4th Pierce County Executive
- In office January 1, 2001 – January 1, 2009
- Preceded by: Doug Sutherland
- Succeeded by: Pat McCarthy

Personal details
- Born: John William Ladenburg September 19, 1949 (age 76) Leavenworth, Washington, U.S.
- Party: Democratic
- Spouse: Connie Ladenburg
- Alma mater: Gonzaga University (BA) Gonzaga University School of Law (JD)
- Profession: Attorney

= John Ladenburg =

American politician

John William Ladenburg Sr. (born September 19, 1949) is an American attorney and politician. Ladenburg was appointed to the Tacoma City Council in 1982 and elected to a full term in 1984. He was elected Pierce County Prosecuting Attorney in 1986, defeating incumbent Bill Griffies. Ladenburg served as Pierce County prosecutor for three and one half terms and was elected county executive in 2000. He was re-elected county executive in 2004 and left office in 2009 after reaching the term limit for the office. One of Ladenburg's principal accomplishments in office was spearheading the development of Chambers Bay Golf Course in University Place, a municipal facility that hosted the 2010 United States Amateur and 2015 U.S. Open golf championships. The US Open at Chambers Bay had an economic impact of $134 million for the regional economy. Ladenburg insisted on a course that could host a U.S. Open golf championship, although most believed it could not happen.

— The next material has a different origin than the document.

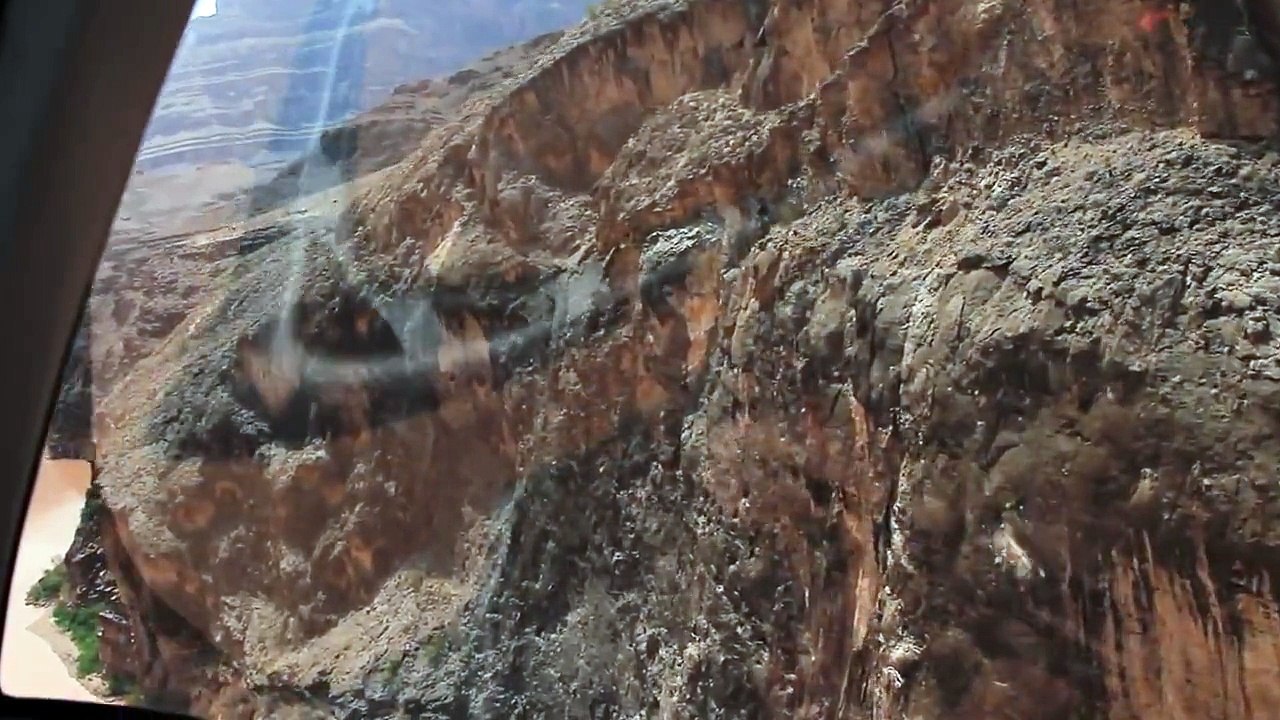 Helicopter Landing in The Grand Canyon - Maverick Helicopter Tours  | Kids video | Full_HD | 30fps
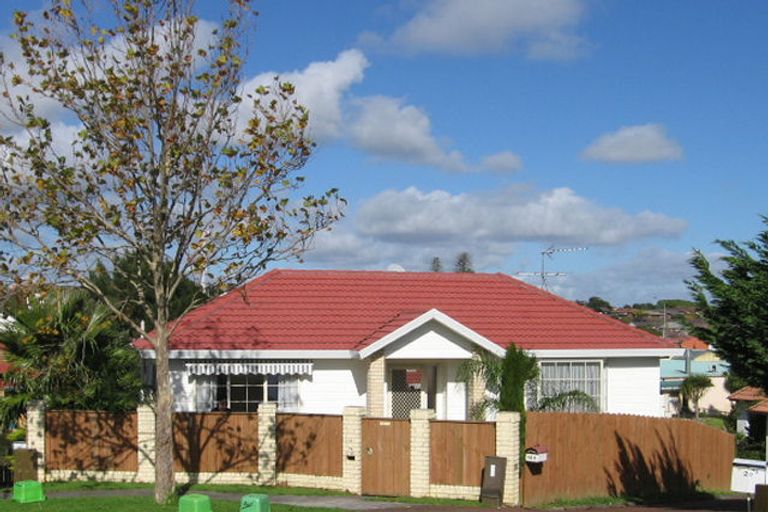Photo of property in 1/18 Belgate Place, Somerville, Auckland, 2014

Ladenburg was born in Leavenworth, Washington. In 1967 he graduated from Stadium High School in Tacoma, Washington. He received a B.A. degree in political science (honors) in 1971 and a J.D. degree in 1974, both from Gonzaga University. After graduation, he began a career as a trial attorney. Ladenburg was involved in several high-profile criminal cases including the Federal Salmon Scam trials and the Pierce County Racketeering trials.
As Prosecuting Attorney, Ladenburg tried a number of criminal cases himself, something unusual for large prosecutors offices. He never lost a case.

Ladenburg was served on the Sound Transit Board during his Executive tenure, being elected to serve as chair from in 2003, and serving as Chair until 2007. In 2016 Governor Inslee appointed Ladenburg to the Washington State Ethics Board, where he served three years, the last year serving as Chair.

He unsuccessfully ran for Attorney General of Washington in 1992 and 2008; Ladenburg also ran for a Washington Supreme Court seat in 2012. In 2009, he returned to private practice to operate Ladenburg Law Injury Attorneys in Tacoma with his two sons, John Ladenburg, Jr. and Erik Ladenburg. Ladenburg served as the interim administrator of the Pierce County Juvenile Court in late 2013. In 2015, he served at interim administrator of the Pierce County Superior Court. His wife, Connie Ladenburg, served two terms on the Tacoma City Council from 2002 to 2010 and one term in the Washington House of Representatives from 2010 to 2012. She was elected to the Pierce County Council in 2012 and served two terms. His brother, Barry, was appointed to the Sea-Tac City Council in 2008 and left office in 2010, then was elected to the Council again in 2012. His brother, David Ladenburg, is a retired municipal court judge in Tacoma.